Fewer than 40% of Americans have a financial savings plan for life events such as weddings, college, buying a home, and retirement. Peer-to-peer lending companies offer a stable way to make your money work for your future, giving one peace of mind regarding the unexpected life events, which are sure to come and which are sure to be expensive.
Prosper launched two years before the 2008 financial crash and was the very first peer-to-peer lender in the United States. Prosper personal loans range from $2000 to $35,000 and Prosper offers repayment terms of 36- and 60-month dictions along with an origination fee and operates in the model of a notary.
Since its opening, the Prosper marketplace has funded over $6 billion, servicing over two million customers in the United States from the Prosper website. Currently, Prosper offers unsecured debt consolidation loans to qualified borrowers.

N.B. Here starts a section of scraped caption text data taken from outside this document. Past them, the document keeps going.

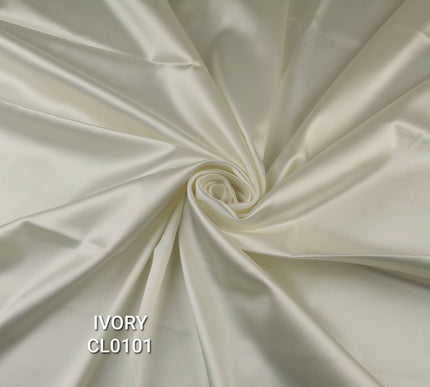 35 COLOURS Luxury Plain Stretch Dull Matt Duchess Bridal Satin Fabric Dress 56"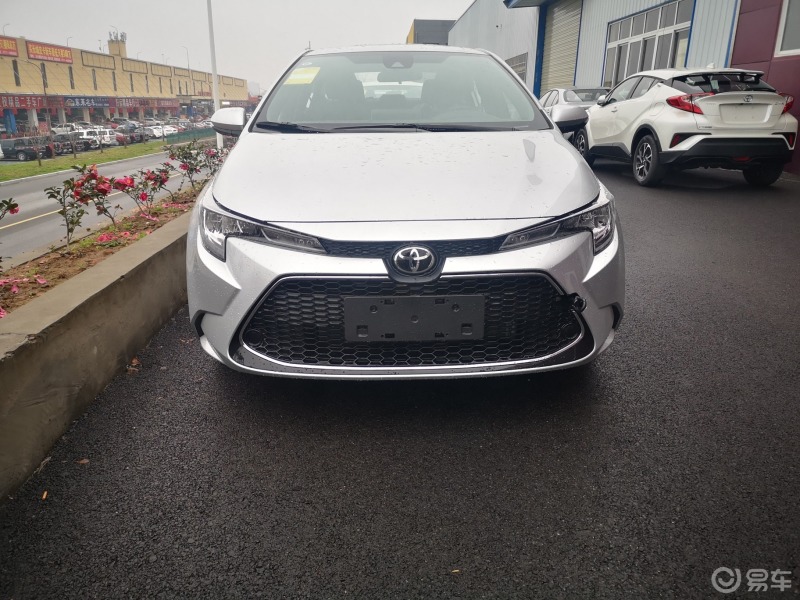 水晶银雷凌提车了,很满意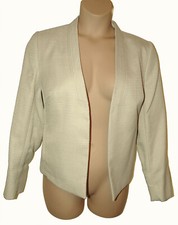 Bon Marche Womens Edge to Edge Smart Jacket size 18 Stone Beige Bnwt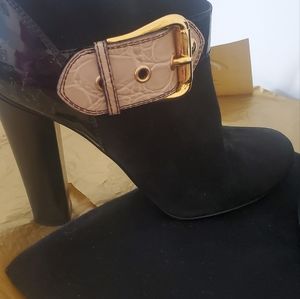 giueseppe black suede ankle boots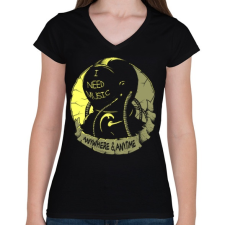 PRINTFASHION Kell a zene - Női V-nyakú póló - Fekete női póló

Here's a brief FOX news segment where Money Mike discusses Prosper Loans:
The industry of peer-to-peer lending (or P2P), was partially induced as a response to the financial malfeasance of the 2008 financial collapse. Many people all over the world lost everything, including savings, 401k retirement funds, and even their homes.
Whereas only a year before, banks were distributing loans to borrowers with little to no credit and even bad credit; after the crash, some individuals had a nearly impossible time finding banks that would lend money to refinance mortgages in order to keep them from living on the street. Many investors became disillusioned to the volatility of market investments and thought, instead, to put their money in a more stable market, by investing in people.
Peer-to-peer lending services connect individual borrowers with loan investors who are willing to lend. Just like the bank, P2P services lend an unsecured loan to borrowers at a predetermined rate of interest. The interest rate is lower for borrowers with very good credit and higher for those with a moderate credit score.
Many areas have to be factored in by the online lender, such as debt-to-income ratio, previous debt consolidation, credit history, outstanding student loans, the loan application and loan request amount itself and so on. Investors accrue a steady rate of return from their principal loan amount, which will continue to produce a return as long as it is being lent and the interest is being paid.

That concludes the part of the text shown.